Mehr als Schreibarbeit: Die vielfältige Welt der PR

Trotz guter Prompts sind die Ergebnisse von ChatGPT aber immer noch limitiert. Zum einen fehlt ChatGPT das Fachwissen. Denn PR-Beratende verfügen einerseits über hochaktuelles Expertenwissen zu den Kundenprodukten, das auf jahrelangem Kundenkontakt und ebenso langer Erfahrung mit den Produkten und der jeweiligen Branche basiert. Andererseits stellen PR-Beratende vor allem neue und hochtechnische Produkte vor, zu denen es keine oder kaum Informationen im Netz gibt. Über diese Expertise verfügt ChatGPT, insbesondere im deutschsprachigen Raum, nicht. Zum anderen neigt KI zu übertriebener Sprache voller Superlative und greift auf immer gleiche und werbetypische Formulierungen zurück. Beides ist kontraproduktiv und unbrauchbar für PR.

Darüber hinaus ist PR-Arbeit weit mehr als die Texterstellung für Pressemitteilungen. Gute PR bedeutet vor allem, erfolgreich vernetzt zu sein. PR-Beratende sammeln und pflegen ihre journalistischen Kontakte sorgfältig im persönlichen Kontakt und bilden die Brücke zwischen Journalismus und Unternehmen. Sie kennen die Interessen beider Gruppen und können so in digitaler Kommunikation, im Gespräch und auf Messen neue Informationen und Produkte an jeweils interessierte Redakteurinnen und Redakteure aus Print-, Radio- oder TV-Medien weitergeben.

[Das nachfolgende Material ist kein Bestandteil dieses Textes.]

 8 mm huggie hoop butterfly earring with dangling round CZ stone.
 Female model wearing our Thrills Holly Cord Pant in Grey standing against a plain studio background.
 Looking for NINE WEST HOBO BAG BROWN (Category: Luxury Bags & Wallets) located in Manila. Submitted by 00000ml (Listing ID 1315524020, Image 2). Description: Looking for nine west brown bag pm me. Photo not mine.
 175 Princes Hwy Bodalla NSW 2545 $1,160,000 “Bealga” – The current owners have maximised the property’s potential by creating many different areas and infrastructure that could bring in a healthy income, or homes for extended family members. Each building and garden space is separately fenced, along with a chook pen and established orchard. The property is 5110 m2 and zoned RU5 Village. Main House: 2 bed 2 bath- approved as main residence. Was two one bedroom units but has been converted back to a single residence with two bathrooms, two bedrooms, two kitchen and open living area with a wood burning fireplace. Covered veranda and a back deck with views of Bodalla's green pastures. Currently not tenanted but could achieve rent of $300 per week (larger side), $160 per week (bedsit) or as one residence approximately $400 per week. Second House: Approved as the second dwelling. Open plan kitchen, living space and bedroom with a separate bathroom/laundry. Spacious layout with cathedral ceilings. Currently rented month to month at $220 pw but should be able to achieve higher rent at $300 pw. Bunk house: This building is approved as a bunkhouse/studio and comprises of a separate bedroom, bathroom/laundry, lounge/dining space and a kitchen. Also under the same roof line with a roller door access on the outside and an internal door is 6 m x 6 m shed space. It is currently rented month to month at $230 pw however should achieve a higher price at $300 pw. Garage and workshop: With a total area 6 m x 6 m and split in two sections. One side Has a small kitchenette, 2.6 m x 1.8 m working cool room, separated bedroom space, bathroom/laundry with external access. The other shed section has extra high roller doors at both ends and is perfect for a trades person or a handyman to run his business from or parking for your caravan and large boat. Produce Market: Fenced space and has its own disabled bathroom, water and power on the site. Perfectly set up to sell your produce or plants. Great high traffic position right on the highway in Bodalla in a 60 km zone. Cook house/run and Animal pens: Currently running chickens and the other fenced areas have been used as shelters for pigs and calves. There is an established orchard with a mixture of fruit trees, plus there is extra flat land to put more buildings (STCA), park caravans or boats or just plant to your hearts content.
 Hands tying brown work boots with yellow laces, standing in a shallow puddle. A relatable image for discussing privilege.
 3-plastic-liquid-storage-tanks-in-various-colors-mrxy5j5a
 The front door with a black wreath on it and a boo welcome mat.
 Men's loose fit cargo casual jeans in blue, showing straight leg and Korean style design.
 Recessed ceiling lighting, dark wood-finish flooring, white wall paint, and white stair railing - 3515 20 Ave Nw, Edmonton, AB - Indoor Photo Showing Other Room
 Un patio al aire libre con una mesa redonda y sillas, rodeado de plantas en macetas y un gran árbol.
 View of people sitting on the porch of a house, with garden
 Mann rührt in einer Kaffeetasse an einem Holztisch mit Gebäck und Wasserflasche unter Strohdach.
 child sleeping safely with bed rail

Auch Aufgaben wie beispielsweise die fachliche Beratung von Kunden, das Betreuen von Social Media Kanälen oder die Planung von Presseveranstaltungen lässt sich nicht von KI umsetzen. Obwohl KI-Modelle wie ChatGPT also unterstützend für Textbearbeitung genutzt werden können, sind sie dennoch nur hilfreich für einen kleinen Teil der PR-Arbeit und ausschließlich mit einer Kontrolle durch erfahrene PR-Beratende nutzbar.